The word tastes like metal filings. “Predictive compliance,” I say, thinking of ethics panels with teeth ground flat. “Teach a machine what kind of human causes friction, then prune.”

“Don’t do the monologue,” June warns, soft. “Save it for someone who needs convincing. I’m on your team.”

I nod. “What time do the shuttles kiss the barge?”

“Two windows,” she says. “03:10 and 04:40, depending on tide and patrol. Don’t get ideas. You’re not swimming anywhere tonight.”

“I’m not. I’m counting the beats between now and dawn, because someone at K just powered on their terminal.” Her small alert tone chimes; a red dot pulses on a tiny map overlay June left in the corner of the screen. “There,” I say, pointing. “Warehouse thirteen. West window.”

June leans in. “Operator online, same MAC signature we saw bouncing through Palmetto House. Maybe they came to tidy after our camera nap.”

“Or to watch us watching them,” I say.

We hold still in our tin can, listening to the rain rat-a-tat a rhythm I can’t trust. The van’s engine ticks cooling noises like a watch with a fever. I roll my stitched wrist, feel the tug, welcome the sting.

“We can poke,” June says. “Throw a little noise in their subnet, make them move, watch which way.”

“No,” I say. “We let them feel comfortable. People tell on themselves when they think they’re alone.”

“Then what?”

“We set for tomorrow,” I say. “I want you to pull any door hiss signatures on the barge that match the ones Lila walked through. We’ll map hallways by sound if we have to.”

June whistles, impressed. “Waveform fingerprints.”

“The door that eats people squeaks different,” I say. “I’ll learn its voice.”

She pivots back to the keyboard, already typing. “I’ll get you door songs by morning. Anything else?”

“One more thing,” I say, and I hate the words in my mouth. “If I miss a ping, you call Elias, not because he needs saving, but because I promised him I would be honest with my risks. If he chooses to step back, he gets the choice.”

June throws me a look that contains every time she’s had to pull me out of water. “That’s new.”

“Closeness breaks cover,” I say. “It also gets people out alive.”

“Okay, poet.” She closes the case on her headlamp, slides the medical kit back into its slot, and knocks my shoulder with her knuckles. “Go sell a romance. I’ll hold the river maps.”

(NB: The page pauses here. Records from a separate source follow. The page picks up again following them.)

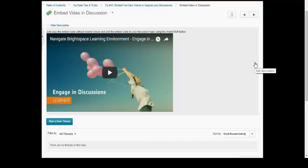So these are just a few ideas of how you might choose to embed videos to enhance course quizzes and course discussions.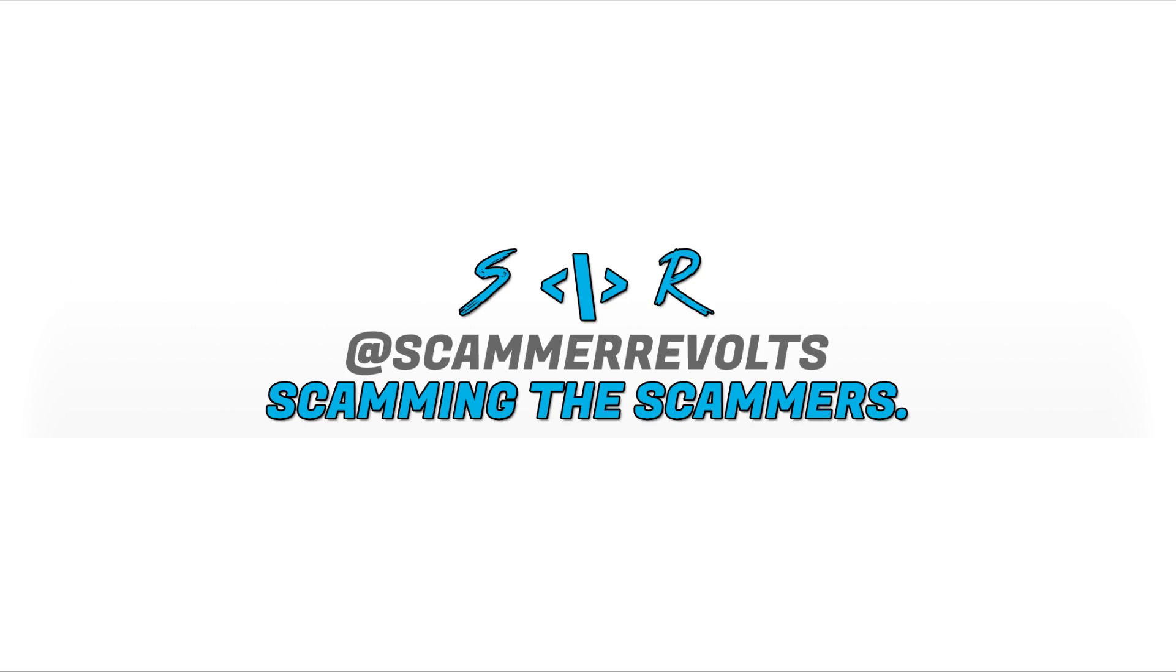Yo guys, Scammer Revolt here bringing you another scam bait video. Before this video starts, please check out techscammersunited.com - we're about to hit 3,000 members. Also my Discord and Twitter will be linked below. I think you're going to enjoy this video. I got this scammer good, wasn't able to syskey but I got the next best thing and took care of his files.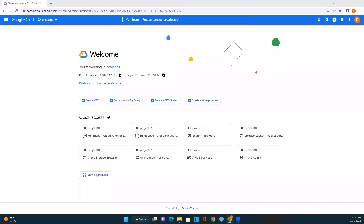Hello, welcome to Cloud Learning Channel. In this module we will learn about Compute Engine in Google Cloud, and also we will learn how to create virtual machine instances using the Google Cloud console and how to deploy virtual machines in Google Cloud.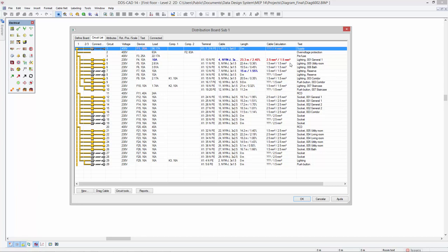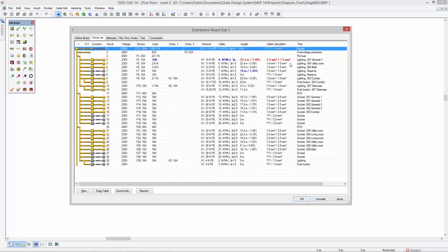DDSCAT14 introduces a fully enhanced cable dimension calculation based on the IEC 60364. The circuit list dialog now includes a new column for the cable calculation details.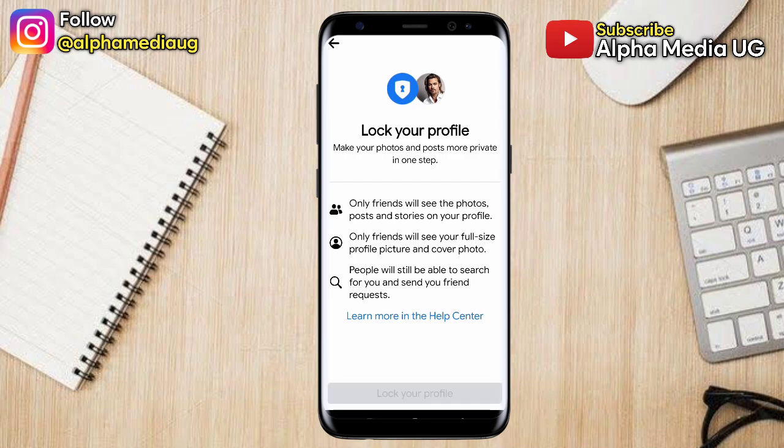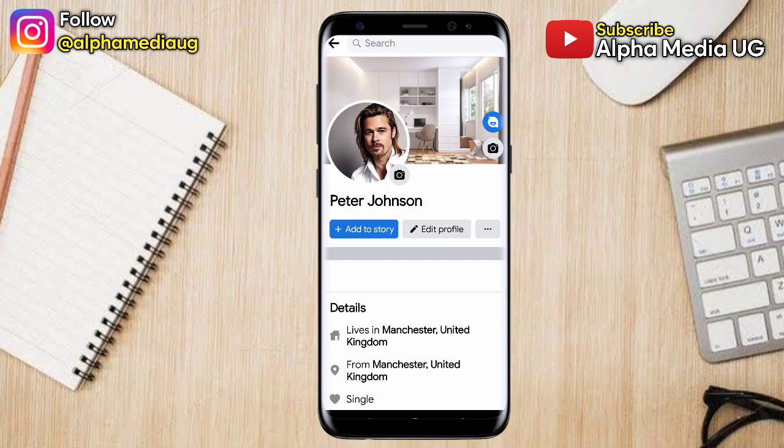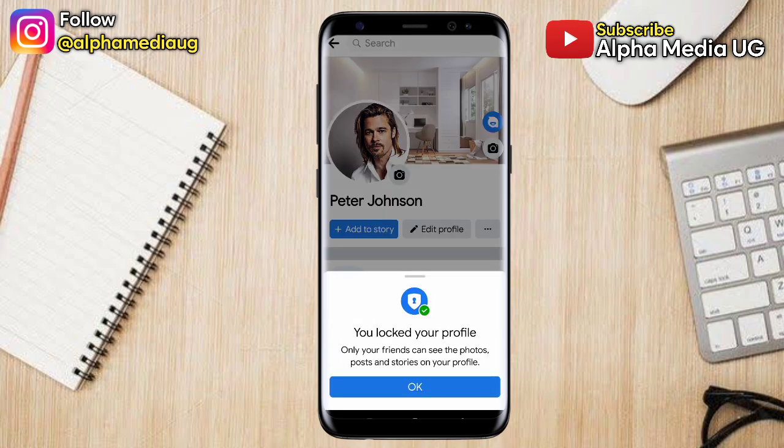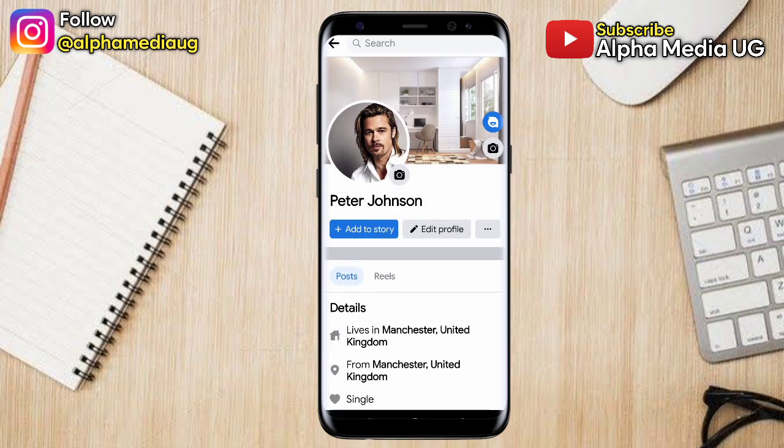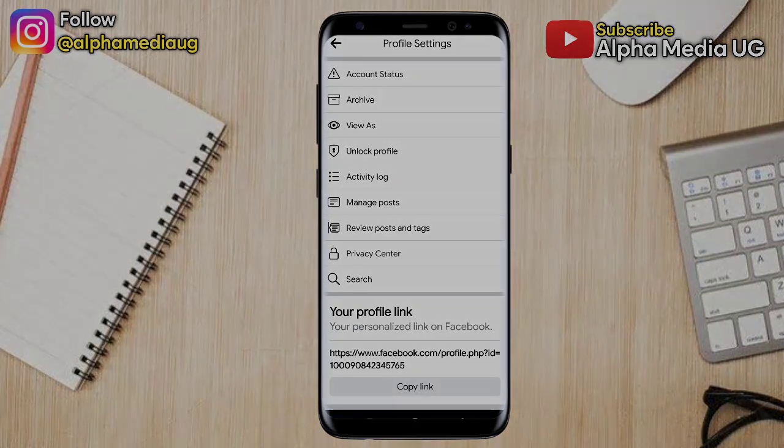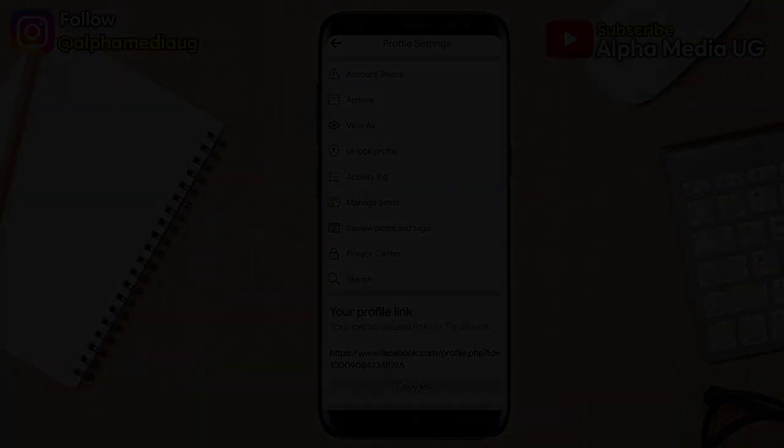Now you'll be able to lock your profile. I hope this video helps you, and in case it doesn't, please let me know in the comment section. You can also try the other videos linked here. See you in the next video.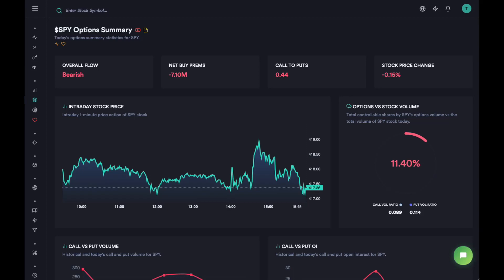Hey everyone, this is Heather and this is going to be a quick introduction to our options summary dashboard for individual tickers. This is for anyone who trades options — it's one of the most powerful dashboards on the platform because it provides quite a few key details for a stock and how its options are behaving. Based on this dashboard you can find quite a few plays for each stock and draw confidence from the values and data you see here.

I reach for the van door, then stop. “Play the clip again,” I say, quieter than the storm. “The patch.”

She presses space. Lila’s shoulder fills the cheap screen; the fish tail flips toward the collar, frozen mid-swim. I press my fingers to the bench until the wood remembers me.

“I’m coming,” I tell the stitched fish, the dock, the rain, the city that eats names for breakfast.

June clears her throat. “The manifest just updated,” she says. “New entry: Sable Institute Barge. Estimated pickup 03:10. Redacted contents.”

The red dot at warehouse thirteen blinks twice. My transmitter hums against my tooth like a tiny clock.

“And the operator?” I ask.

“They just opened a chat to the Palmetto subnet,” she says. “Two words. ‘Weather window.’”

I pull my hood up, ready to step back into Harbor Eleven’s wet mouth. “Then we’re already late,” I say, and I let the van door swing to the rain while the red dot throbs on the map like a pulse I need under my fingers.